■ Activity
Every line from the one with "Snapshot of sexyva4u2luv" to the final line of the records should be printed exactly as it is, with pictures left out.
★ ★ ★ ★
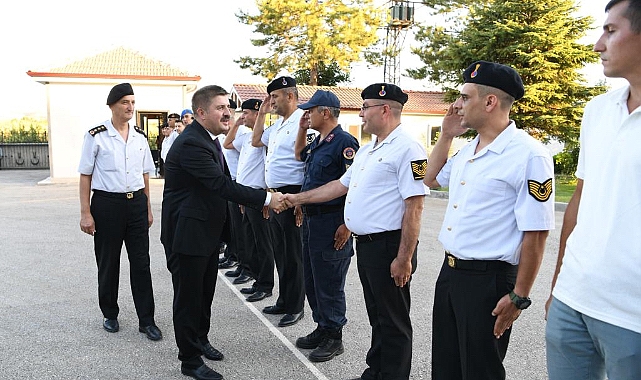 Vali Sarıibrahim Kurum Ziyaretlerine Devam Ediyor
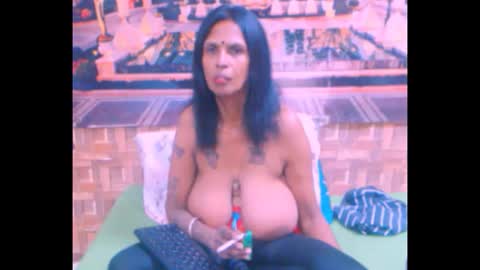 Snapshot of sexyva4u2luv chatting on September 2025 07:12:02 AM sexyva4u2luv online show from September 2025 07:12:02 AM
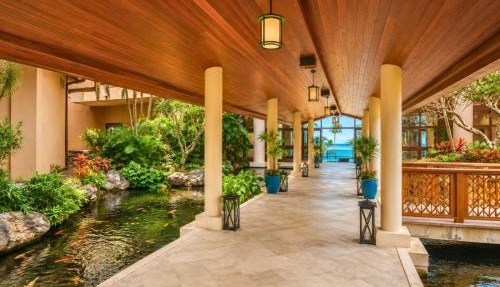The Resort at Kapalua Bay Ocean View 3 BR Sleeps 10 Luxury Resort Living Complimentary Car with 6 Nights MON-1303 by KBM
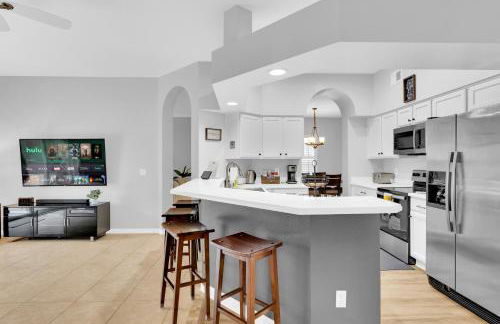 Stunning West Haven Villa with Private Pool Spa and Balcony Near Disney - Foto 71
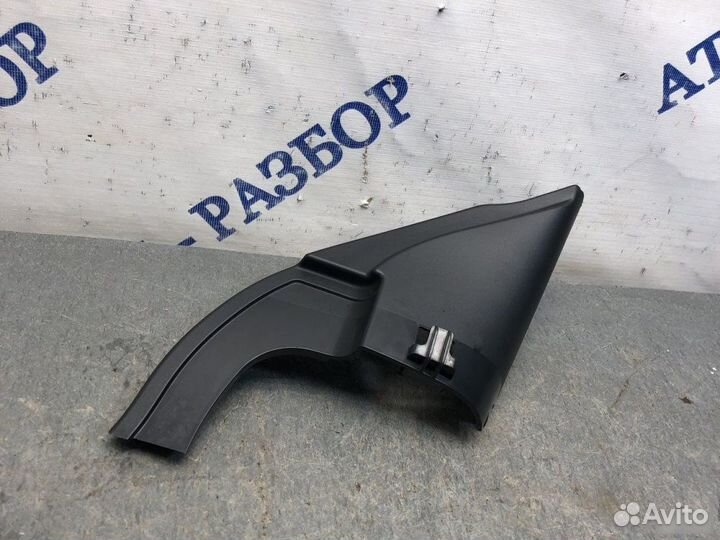 Уголок двери передний правый Nissan Almera G15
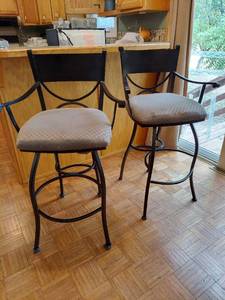 lot 1280 image: 2 bar stools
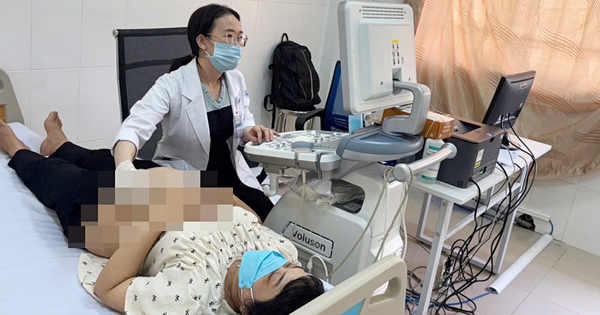 Bác sĩ của 8 bệnh viện ở TPHCM về Cần Giờ, người dân phấn khởi đi khám chữa bệnh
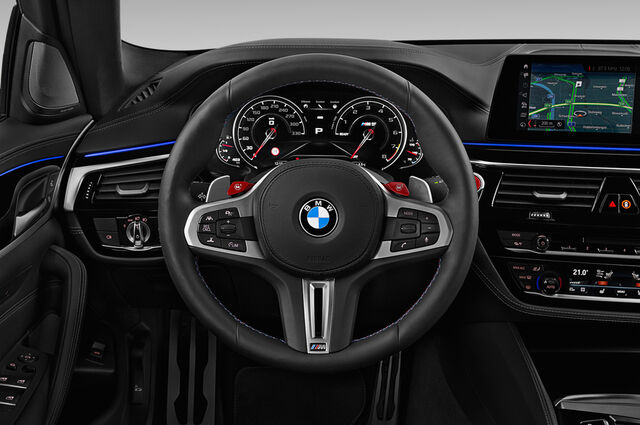 BMW M5 Competition (Baujahr 2019) Base 4 Türen Lenkrad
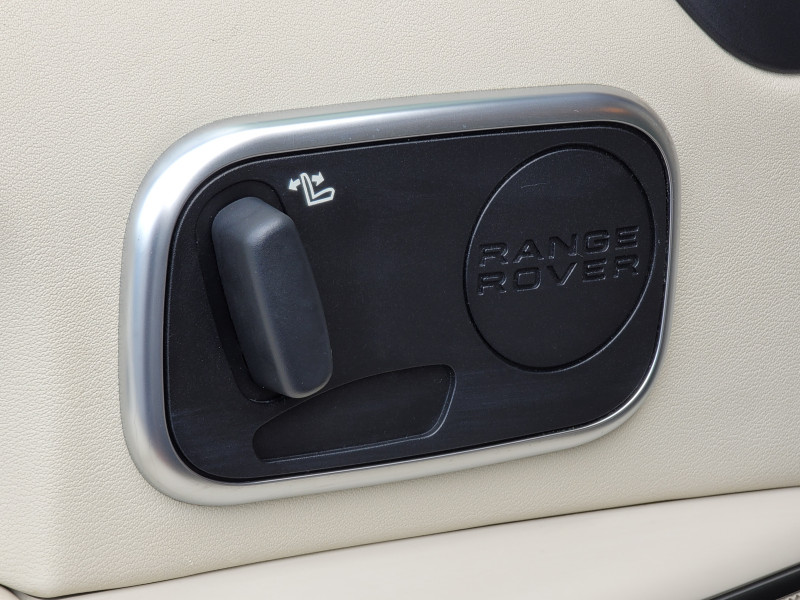 Land Rover Range Rover 2012 price $20,800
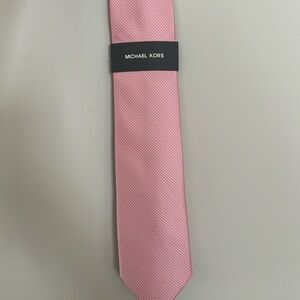 Men’s Michael Kors Pink Tie 100% Polyester Wedding Prom Homecoming NWT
★ ★ ★ ★
■ Solution to the problem
 Snapshot of sexyva4u2luv chatting on September 2025 07:12:02 AM sexyva4u2luv online show from September 2025 07:12:02 AM
The Resort at Kapalua Bay Ocean View 3 BR Sleeps 10 Luxury Resort Living Complimentary Car with 6 Nights MON-1303 by KBM
 Stunning West Haven Villa with Private Pool Spa and Balcony Near Disney - Foto 71
 Уголок двери передний правый Nissan Almera G15
 lot 1280 image: 2 bar stools
 Bác sĩ của 8 bệnh viện ở TPHCM về Cần Giờ, người dân phấn khởi đi khám chữa bệnh
 BMW M5 Competition (Baujahr 2019) Base 4 Türen Lenkrad
 Land Rover Range Rover 2012 price $20,800
 Men’s Michael Kors Pink Tie 100% Polyester Wedding Prom Homecoming NWT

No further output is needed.